I configured my VS Code for Arduino. I wrote a lot of code for the communication between the controller and the robot. I tested the communication and execution of commands. Then, I had made huge amounts of changes to the code for better communication supporting commands, messages, data etc…

During the winter break, Henry had typed out the documentation for the summative assignment. In the six hundred words documentation, he briefly mentioned the history of the technology, current and future applications and technology, as well as the possible improvements.

Brainstorm/Reflection

The choice of IDE is important in a project, especially in a large project. The coder (me) had to spend most of my time with the IDE to code. An efficient IDE would save a lot of time and energy. The Arduino IDE had a very limited amount of functionalities compared to VS Code. I found it annoying scrolling through the code that I didn’t want to look at. However, with VS Code, it shows the declarations when the mouse hovers over it and jumps to the line of code I wanted to see with a single click.

Issues and Fixes

It was not able to send messages and data. To solve this problem, the controller has to send an extra byte stating the type (command, message or data) of the data before sending the actual data.

There was a problem with sending messages between the robot and the controller. When the robot or the controller receives a message, it doesn’t know the length of the message/data. To solve this problem, two extra bytes of data have to be sent before the actual data is being sent to tell the receiver the length of the message. So the receiver would not receive the next command or data that is not relevant to the data that the receiver is handling.

Accomplishments and Next Steps

The robot is able to receive commands from the controller and execute them.

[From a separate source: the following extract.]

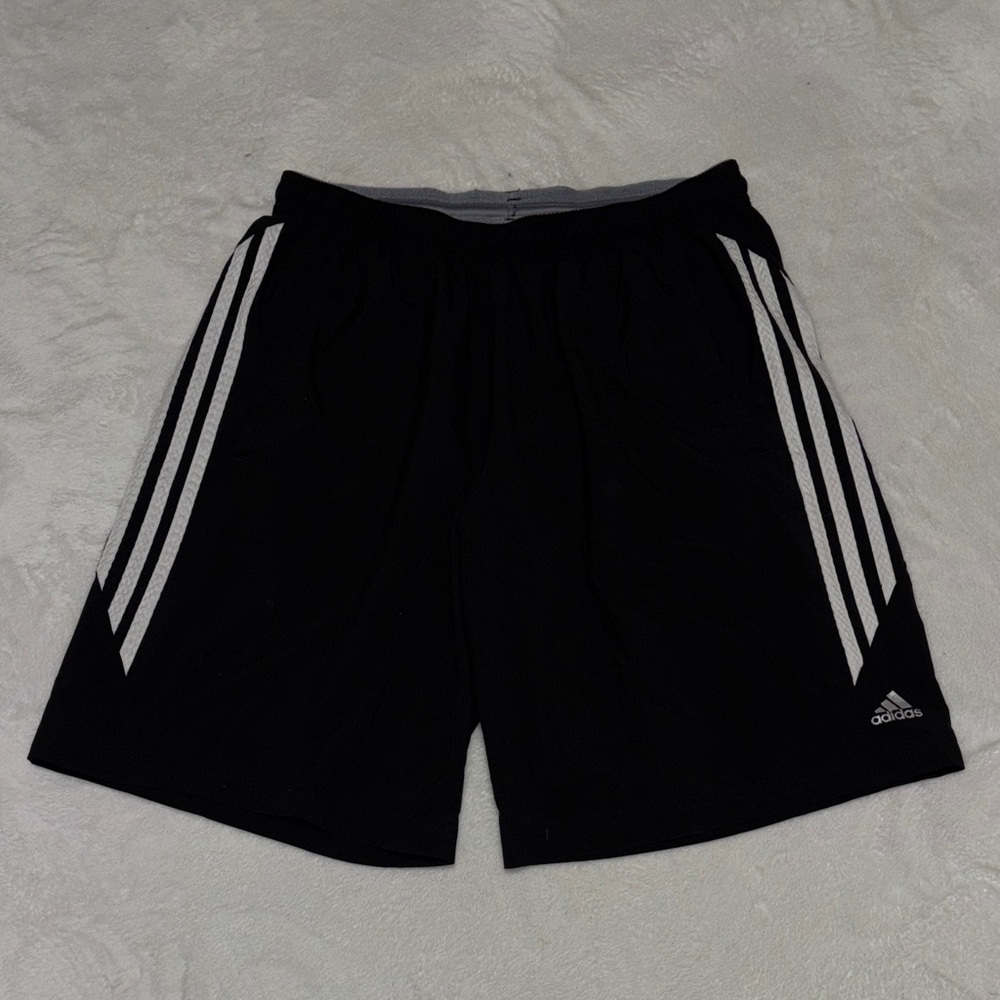 Adidas Men's Black Shorts with White Stripes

Log #5 - January 10th, 2022

What was done

I added a lot of code to handle errors for the controller, including the return of status from the robot, and the error handling when setting up the controller. It is much easier to debug.

Testing the error handling functionality by trying to allocate a huge amount of memory

Brainstorm/Reflection

Error handling is a big part of this rescue robot. If an error occurs during rescue, there is not much time for engineers to find out what happened and fix the problem. The robot has to tell the controller everything about its status.

Issues and Fixes

There was a bug in the error handling code. I later found out that it was because a big bracket was missing in the code, but the indentation was correct. It took quite a while to find that bug.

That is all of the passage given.